For individuals, this amount needs to be added to their salary and taxed according to the income tax slab. All tax liabilities of over Rs 10,000 have to be disclosed. In case this is not done, one can go for self-assessment. But this would require payment of advance tax.
In the case of Jaiswal, the outstanding amount will be called ‘self-assessment tax liability’. She could either pay the lump sum amount or pay in instalments. Self-assessment taxes can be paid in instalments of 30 per cent, 30 per cent and 40 per cent. The dates: September 15, December 15 and March 15, respectively. Both lump sum or payment through instalments will attract an interest on the tax liability.
This translates into a payment of Rs 9,000 in September, Rs 9,000 in December and the rest Rs 12,000 by March.
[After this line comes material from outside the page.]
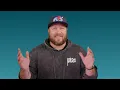 Mitchell Tenpenny "Truth About You" | CMT Hit Story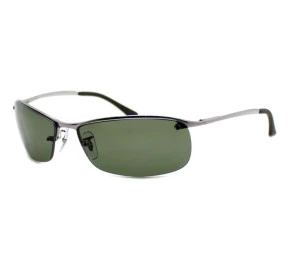 Ray-Ban RB3183 004/9A 63 - Óculos de Sol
There will also be an interest of one per cent per month and three per cent for each deferred payment. The sections under which she will be charged are 234B and 234C of the I-T Act.
“According to Section 234B, if you do not pay 90 per cent of your advance tax in a financial year, you are considered a defaulter,” said Homi Mistry, tax partner, Deloitte, Haskins and Sells. And, according to Section 234C, if you do not pay advance tax instalments September 15, December 15 and March 15, you are charged for deferment of payment.
So, if Jaiswal pays the entire lump sum in one go, that is, Rs 30,000 before July 31, she will be charged an interest of one per cent per month starting April 1, 2010 (for four months), as late payment charges. Another three per cent will be imputed for deferring payment instalments since September 2009. As a result, she will pay Rs 31,218 for default and another Rs 900 for deferring payments in 2009. The total comes to Rs 32,181 — an extra Rs 2,181.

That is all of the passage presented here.